Vayamos adelante en la contemplación de la acción divina. Lo que ella quita en apariencia a la buena voluntad, se lo vuelve a dar secretamente, de modo que nunca le falte lo necesario. Pongo un ejemplo. Imaginad que alguien ayudara a un amigo por medio de unas donaciones, dejándole entrever que proceden de él; y que, en un momento dado, por el bien de ese amigo, y aparentando no querer obligarle más, no dejara tampoco de ayudarle, pero ahora sin darse a conocer. E amigo, sin sospechar el truco y este secreto de su amistad, se quedaría molesto. ¡Qué de cavilaciones! ¡Qué de pensamientos sobre la conducta del bienhechor!
Pero imaginad que el misterio un día se desvelara. Sólo Dios sabe qué sentimientos se alzarían a un tiempo de su alma: gozo, ternura, enternecimiento, agradecimiento, amor, confusión, admiración. ¿No crecería con esto el ardor de su afecto amistoso? ¿Y esta prueba no le afirmaría en su adhesión a él, haciéndole más fuerte frente a futuras posibles sorpresas?

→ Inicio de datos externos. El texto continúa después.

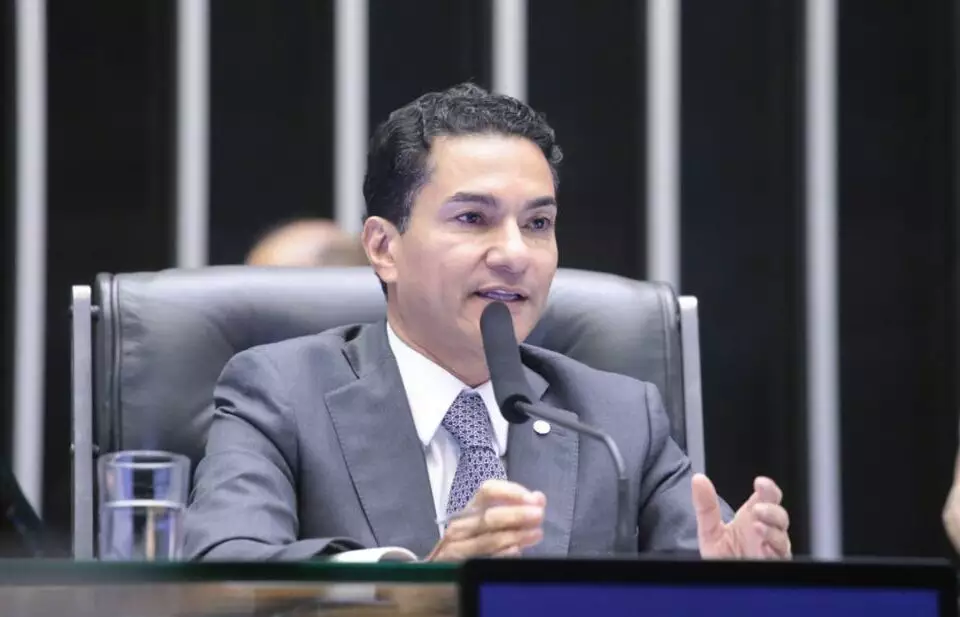 PP e União avançam em federação, e Republicanos descartam fusão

La aplicación es fácil. Cuanto más parece perderse con Dios, más se gana. Cuanto más Él reduce en lo natural, más da en lo sobrenatural. Se le amaba antes un tanto por sus dones; parecen faltar sus dones, y finalmente se viene a amarle por Él mismo. Es así, por la aparente sustracción de sus mismos dones, por lo que Él prepara el alma para este don, que es el mayor y el más amplio de sus dones, pues los comprende todos.